### Exercise
Please restate each line of the material word for word and omit any pictures.
Start of Provided material
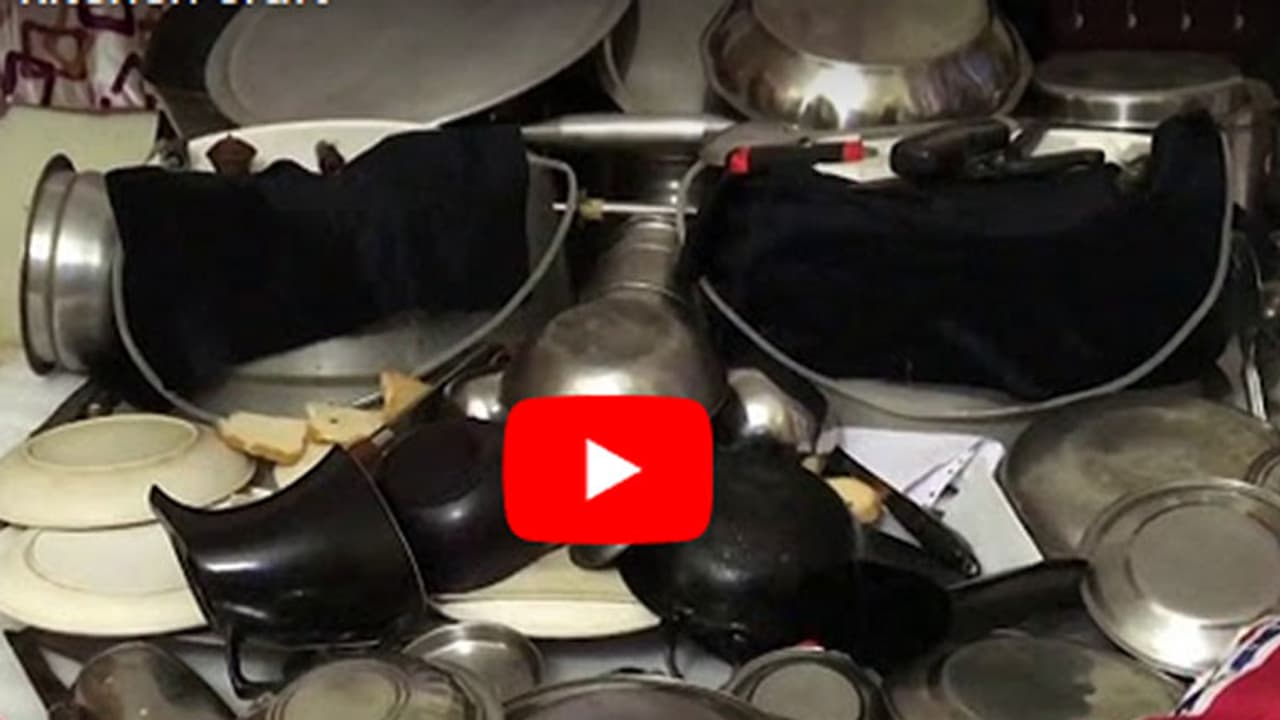 ചട്ടിയും പാത്രങ്ങളും കൊണ്ട് മോഹന്ലാല് വീഡിയോ ചട്ടിയും പാത്രങ്ങളും കൊണ്ട് മോഹന്ലാല് വീഡിയോ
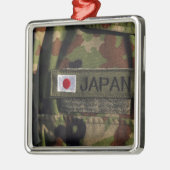 Nah-up-Ansicht 2 Silbernes Ornament (Links)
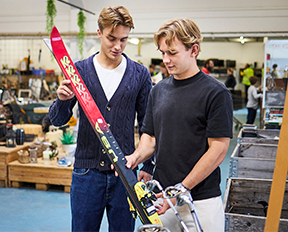 Billede af handlende i PlusButikken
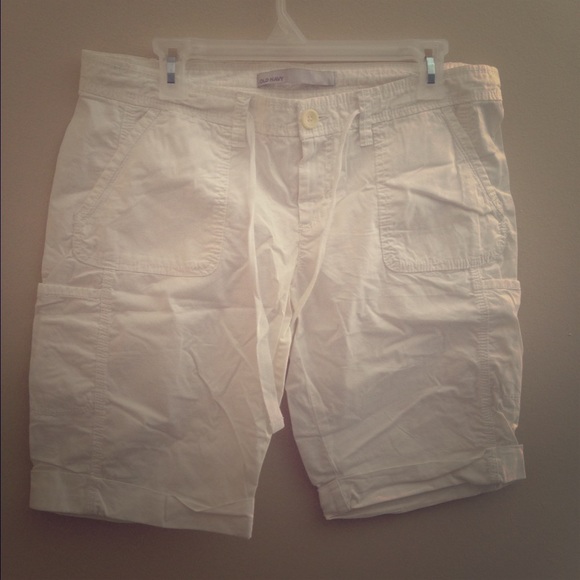 Old Navy White Capris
End of Provided material
### The completed task
 ചട്ടിയും പാത്രങ്ങളും കൊണ്ട് മോഹന്ലാല് വീഡിയോ ചട്ടിയും പാത്രങ്ങളും കൊണ്ട് മോഹന്ലാല് വീഡിയോ
 Nah-up-Ansicht 2 Silbernes Ornament (Links)
 Billede af handlende i PlusButikken
 Old Navy White Capris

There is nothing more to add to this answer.